In all, 24 adult male collared peccaries received either low- (n=12) or high-fibre diet (n=12) to induce contrasting gut fermentation profiles. They were submitted to three short-term challenges, allowing us to rate the animals in a coping-style dimension named 'calmness'. At the end of the experimental period, we collected samples of peccaries' forestomach contents to characterize bacterial diversity. We found a significant positive association between individual 'calmness' z-scores and the bacterial evenness index in gut bacteria (and a similar trend with the Simpson's diversity index), suggesting a more homogeneous bacterial community of calmer individuals. We also found a positive association between fibres digestibility and gut bacterial diversity in the peccaries' forestomach, but no effect of the dietary fibre level.
Gut bacteria evenness increases with 'calmness' z-scores, suggesting a more homogeneous bacterial community of calmer individuals, compared with the more heterogeneous of the most distressed ones.

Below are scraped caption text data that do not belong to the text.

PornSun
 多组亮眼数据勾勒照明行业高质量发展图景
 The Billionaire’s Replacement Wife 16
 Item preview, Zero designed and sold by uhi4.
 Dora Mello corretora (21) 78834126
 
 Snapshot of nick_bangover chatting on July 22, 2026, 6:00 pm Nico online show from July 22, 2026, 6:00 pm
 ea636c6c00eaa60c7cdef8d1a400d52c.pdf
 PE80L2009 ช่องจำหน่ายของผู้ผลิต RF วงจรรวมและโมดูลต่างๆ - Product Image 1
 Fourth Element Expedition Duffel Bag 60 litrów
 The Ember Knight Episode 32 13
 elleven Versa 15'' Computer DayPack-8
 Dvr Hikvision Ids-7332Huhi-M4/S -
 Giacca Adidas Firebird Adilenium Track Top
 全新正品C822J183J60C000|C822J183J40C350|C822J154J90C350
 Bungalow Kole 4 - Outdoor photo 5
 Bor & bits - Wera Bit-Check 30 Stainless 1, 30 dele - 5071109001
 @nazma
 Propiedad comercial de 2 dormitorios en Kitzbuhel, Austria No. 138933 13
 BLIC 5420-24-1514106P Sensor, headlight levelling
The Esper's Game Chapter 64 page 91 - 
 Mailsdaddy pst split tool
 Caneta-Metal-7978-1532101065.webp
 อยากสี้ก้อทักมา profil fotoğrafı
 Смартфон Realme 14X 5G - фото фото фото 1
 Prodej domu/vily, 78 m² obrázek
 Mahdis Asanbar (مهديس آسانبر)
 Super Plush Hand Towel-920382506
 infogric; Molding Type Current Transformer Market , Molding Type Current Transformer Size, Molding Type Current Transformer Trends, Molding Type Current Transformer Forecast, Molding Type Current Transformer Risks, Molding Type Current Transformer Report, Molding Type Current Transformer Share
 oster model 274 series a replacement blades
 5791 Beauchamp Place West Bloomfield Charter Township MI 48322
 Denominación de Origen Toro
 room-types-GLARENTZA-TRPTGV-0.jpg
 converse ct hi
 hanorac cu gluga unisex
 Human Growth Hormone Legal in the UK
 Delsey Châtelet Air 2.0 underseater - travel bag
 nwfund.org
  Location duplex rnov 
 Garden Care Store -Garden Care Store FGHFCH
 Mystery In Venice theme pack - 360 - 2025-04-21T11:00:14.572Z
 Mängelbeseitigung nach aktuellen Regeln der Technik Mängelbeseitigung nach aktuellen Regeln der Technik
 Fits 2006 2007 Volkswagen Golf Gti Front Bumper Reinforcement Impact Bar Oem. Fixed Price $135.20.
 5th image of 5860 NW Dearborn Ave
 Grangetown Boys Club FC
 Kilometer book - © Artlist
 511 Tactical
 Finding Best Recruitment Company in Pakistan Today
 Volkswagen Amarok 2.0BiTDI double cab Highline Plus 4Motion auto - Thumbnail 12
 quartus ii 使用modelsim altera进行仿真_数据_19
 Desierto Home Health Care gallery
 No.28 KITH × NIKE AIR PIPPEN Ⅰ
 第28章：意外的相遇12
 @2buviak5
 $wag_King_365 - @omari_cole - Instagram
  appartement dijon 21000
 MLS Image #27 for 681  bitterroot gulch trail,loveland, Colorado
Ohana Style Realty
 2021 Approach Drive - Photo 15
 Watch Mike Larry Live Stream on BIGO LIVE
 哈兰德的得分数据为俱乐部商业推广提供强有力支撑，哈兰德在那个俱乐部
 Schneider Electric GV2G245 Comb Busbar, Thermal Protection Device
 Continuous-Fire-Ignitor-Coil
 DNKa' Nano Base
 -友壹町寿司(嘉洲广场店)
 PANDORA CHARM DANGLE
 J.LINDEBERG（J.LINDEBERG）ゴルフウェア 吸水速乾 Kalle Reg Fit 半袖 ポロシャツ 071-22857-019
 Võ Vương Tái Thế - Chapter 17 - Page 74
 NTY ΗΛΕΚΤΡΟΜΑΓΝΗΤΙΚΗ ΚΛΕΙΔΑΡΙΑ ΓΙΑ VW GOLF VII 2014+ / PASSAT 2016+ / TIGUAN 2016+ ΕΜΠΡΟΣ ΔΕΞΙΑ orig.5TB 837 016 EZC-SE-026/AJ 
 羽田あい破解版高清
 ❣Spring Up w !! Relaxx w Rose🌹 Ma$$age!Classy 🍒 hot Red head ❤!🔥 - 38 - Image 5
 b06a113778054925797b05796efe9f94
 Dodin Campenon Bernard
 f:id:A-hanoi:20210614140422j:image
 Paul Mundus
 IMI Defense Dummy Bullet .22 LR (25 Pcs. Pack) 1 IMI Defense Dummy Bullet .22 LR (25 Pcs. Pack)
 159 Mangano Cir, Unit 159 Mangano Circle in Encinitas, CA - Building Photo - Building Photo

Our results also suggest associations between the digestibility of ADF with the gut bacterial diversity indices and with the relative abundance of the Actinobacteria phylum.
Our data showed that the hosts' individual behavioural differences are potentially aligned with gut bacterial diversity. The behaviour-microbiota link is correlated with host feed efficiency and, ultimately, may have implications for animal health and welfare of farm animals.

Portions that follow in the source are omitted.